Pelo andar da carruagem, somos forçados a concluir que o dito Estado Democrático de Direito está absolutamente suplantado e esmagado pelo Estado de força sem direito e contra o direito. Voltamos aos tempos obscuros em que qualquer indivíduo fardado e armado pode usar uma arma de fogo sem vacilar contra um pacato cidadão, já descontando os activistas e manifestantes colocados, eles próprios, em situação de fora-da-lei. Quando os corifeus do reino tentam amedrontar a opinião pública com a manipulação de tentativa de golpe de Estado e eventuais atentados à segurança nacional, começam a desenhar-se os tradicio-nais sintomas de disputas intestinas nos círculos castrenses próximos da entourage presidencial, que alguns desejariam antecipar com passagens à reforma de outros generais, em vésperas do mês de Agosto.

 

Mas, nestes círculos, por agora, não existirão grandes mudanças por razões de força maior, continuando os chefes militares antigos e novos a gozar de todas as regalias vigentes no sistema. Até porque foi o Presidente da República e líder do MPLA, partido do Governo, que disse, claramente, não ser oportuno afastar-se antes de 2017.

 

Por consequência, o núcleo duro vai manter-se. Tudo indicia que os períodos antecedentes ao próximo congresso dos camaradas conhecerão - para gáudio de uns e tristeza de outros - alguns momentos definidores do futuro imperfeito que o partido vai conjugar, por via da escolha do próximo candidato a escolher, lembrem- se disso, pelo Comité Central.
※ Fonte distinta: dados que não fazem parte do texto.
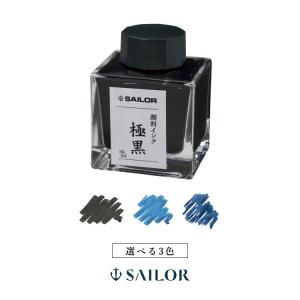 セーラー SAILOR 万年筆用 ボトルインク インキ 50ml 極黒 きわぐろ 13-2002-220 青墨 せいぼく 13-2002-242 蒼墨 そうぼく 13-2002-244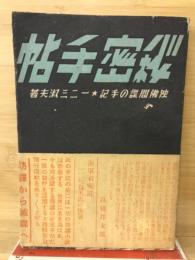 秘密手帖 : 独仏間諜の手記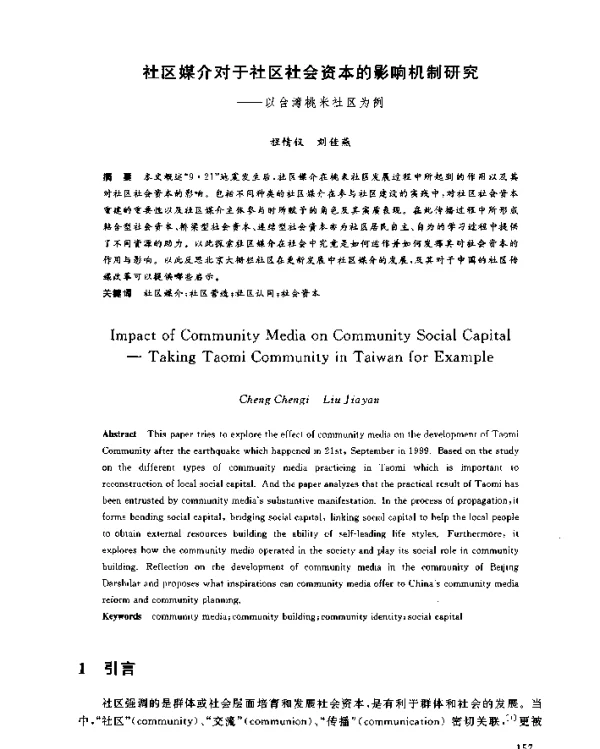 社区媒介对于社区社会资本的影响机制研究--以台湾桃米社区为例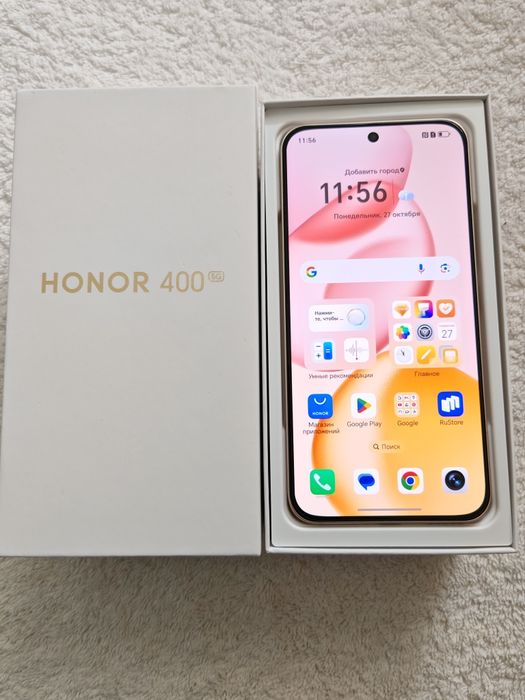 Honor 400 5G 8+8/256GB IDEAL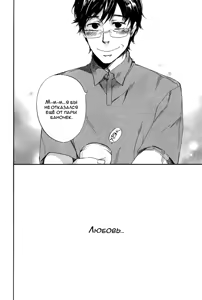 Page 38 of Konoyo Ibun Sono San | Странная Мистическая История - Том 3 - preview thumbnail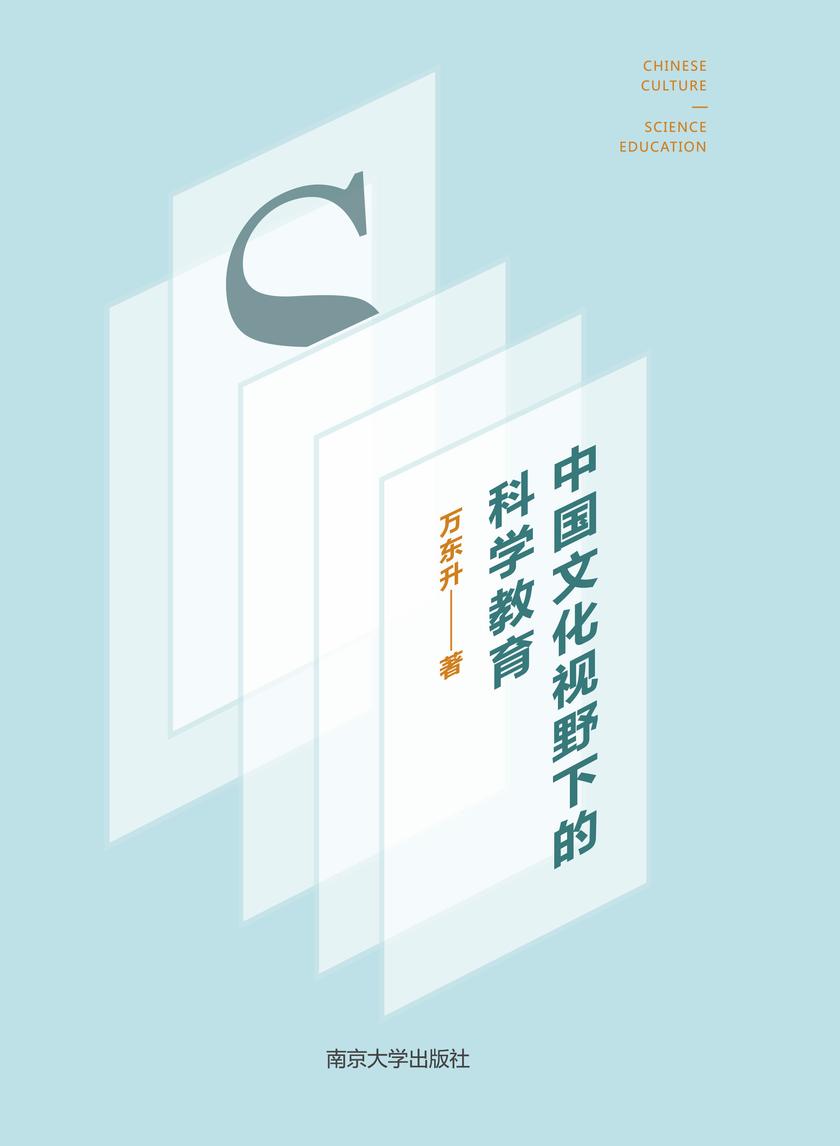 中国文化视野下的科学教育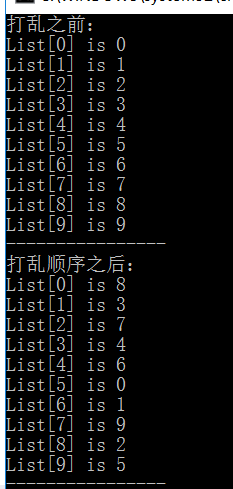 List打乱顺序效果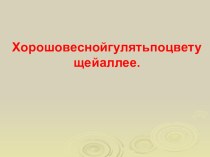 Презентация к уроку русского языка 3 класс Двойные согласные презентация к уроку по русскому языку (3 класс) по теме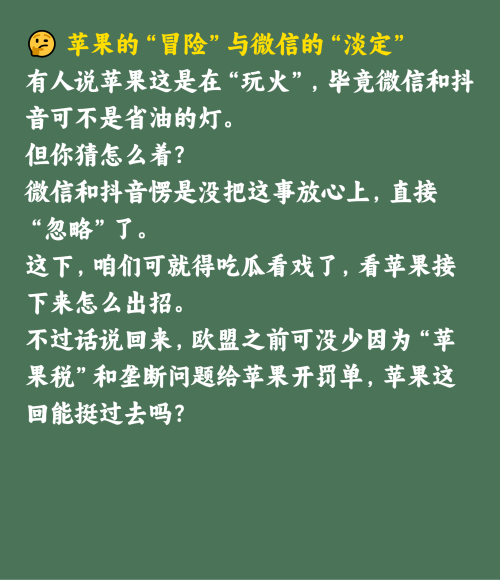 苹果与微信的“小冲突”，背后的深思与共鸣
Habituado a cerrar hostes e esquecer temporariamente discórdias quando acossado pelos adversários, o partido dos camaradas, toda a sequência dos factos o sugere, deverá protagonizar uma atitude conservadora, com uma tímida fuga em frente de mudanças cosméticas na direcção política, mas, sobretudo, no Executivo.

 

Num momento em que a liderança do Governo enfrenta crescentes pressões na opinião pública internacional, paralelas ao brandir simultâneo do protesto parlamentar (a não-participação dos deputados na oposição no último debate foi disso um claro exemplo, em que a bancada do MPLA perdeu pontos por via do receio crónico de exposição pública dos debates da Assembleia Nacional) e extraparlamentar pode ser que lá mais para frente sejam sacrificadas algumas cabeças no Executivo e menos no partido.

 

Para já, a sedução de domesticação da oposição e do activismo cívico pela força, associado ao pânico passageiro, sobrepõe- se às vozes mais serenas, sob olhar autista do candidato natural à sucessão presidencial: o Presidente José Eduardo dos Santos. Até lá, aqueles que preconizaram há alguns anos a suspensão da (muito frágil - nota do autor) democracia vão bater palmas.